OK — my last post for now (most likely) on opera acting.
Stage acting varies. It’s taught in different ways, and how it’s done and thought about in the UK isn’t the same, by and large, as the way it’s done in the US. Or, anyway, that was true when I was involved in theater.
Maybe things have changed. But I’d think one key thing about stage acting in the US is still the same, because it’s so basic. The basis of acting technique, at least as I used to know it, is that you quickly mobilize your inner energy to act each moment of your role. You mobilize emotions, thoughts, and your body — everything that goes into forming the character you play onstage.
And maybe I should say you mobilize all this instantly, rather than quickly. Because that’s how you react to the people you’re onstage with. Someone says a line to you, and your response flies out, fueled by the inner energy you instantly can gather.
This can be taught. Genius can’t be taught, but technique can be, and while opera singers are vocalizing, and being taught languages, acting students are learning to mobilize their inner energy, and their inner intentions. They won’t, on the whole, gesticulate because they think they need to make a gesture. Their gestures, instead, will arise from what’s going on inside. And will be different, most likely, for every character they play.
So is this something you can’t do if you’re singing opera? No way. In fact, if you did it, opera singing would be easier. An actor, at every moment, brings together a conception of the character, the meaning of each line, a feeling in the body that goes with both these things, emotions that go with both, and then electrical reactions to words, looks, body language, tones of voice, and much more, coming from others.

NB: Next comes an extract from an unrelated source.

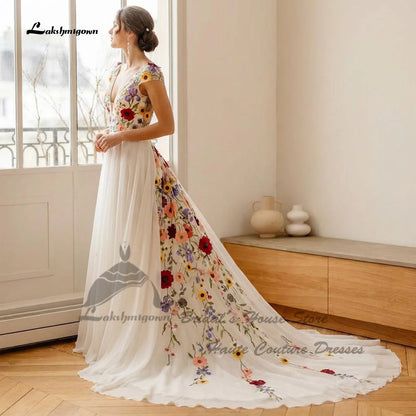 Lakshmigown Sexy Bohemian Bridal Gown A Line Chiffon Wedding Dress Floral Embroidery Lace Beach Bride Dresses 2026 New Arrival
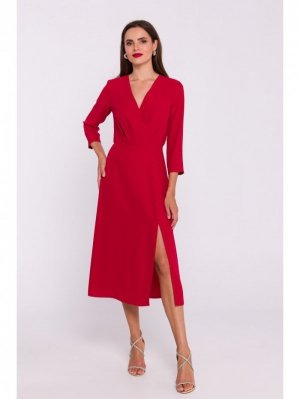 Stylove S385 Rozkloszowana sukienka z kopertowym dekoltem - czerwona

No way you couldn’t add singing to all of that. You learn to sing opera, you get your vocal technique in place, and you solve the technical problems of each moment in your role. When it’s time to sing a phrase, you mobilize your technical command of it, based on experience, and practicing. No way that can’t be brought into your actor’s mobilization. The actor’s mobilization, in fact, will give you extra energy to sail through tricky vocal moments.

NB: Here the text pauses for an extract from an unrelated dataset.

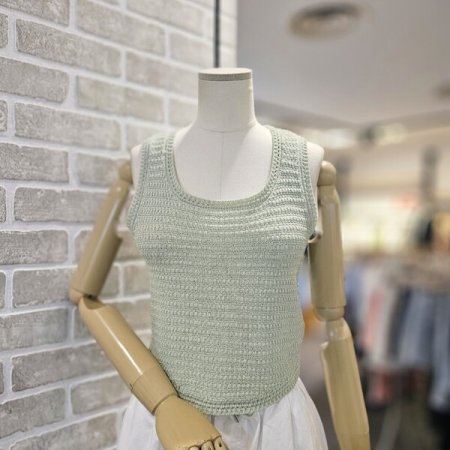 그물 니트 베스트 슬리브리스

Which is, speaking more generally, what happens when anyone (or at least anyone good) performs classical music. You learn the music. You practice the technical stuff required for every phrase. But when you play, you normally don’t think of your technique. You’ve internalized that. So what you mobilize, for every phrase, is your musical intention. Which then brings your technique in line (always assuming that you have the technique to start with). If you’re singing opera, and you’d learned acting, as I’m describing it here, your musical intention would be part of the larger thing you mobilize at each moment. When you mobilize your acting, you mobilize the music (and the singing), too.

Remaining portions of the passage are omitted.